Segment Start: COLLECTED MATERIAL
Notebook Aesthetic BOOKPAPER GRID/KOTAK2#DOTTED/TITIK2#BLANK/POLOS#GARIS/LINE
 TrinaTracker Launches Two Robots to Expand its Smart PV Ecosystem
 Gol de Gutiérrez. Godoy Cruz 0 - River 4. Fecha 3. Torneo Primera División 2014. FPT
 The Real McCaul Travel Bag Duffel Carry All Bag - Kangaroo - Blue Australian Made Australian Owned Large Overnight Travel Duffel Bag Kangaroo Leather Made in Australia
Segment End: COLLECTED MATERIAL
Retype, exactly and with nothing added, the lines of the material above from the first through the one that contains "Gol de Gutiérrez.".

RESPONSE TO THE EXERCISE:
Notebook Aesthetic BOOKPAPER GRID/KOTAK2#DOTTED/TITIK2#BLANK/POLOS#GARIS/LINE
 TrinaTracker Launches Two Robots to Expand its Smart PV Ecosystem
 Gol de Gutiérrez. Godoy Cruz 0 - River 4. Fecha 3. Torneo Primera División 2014. FPT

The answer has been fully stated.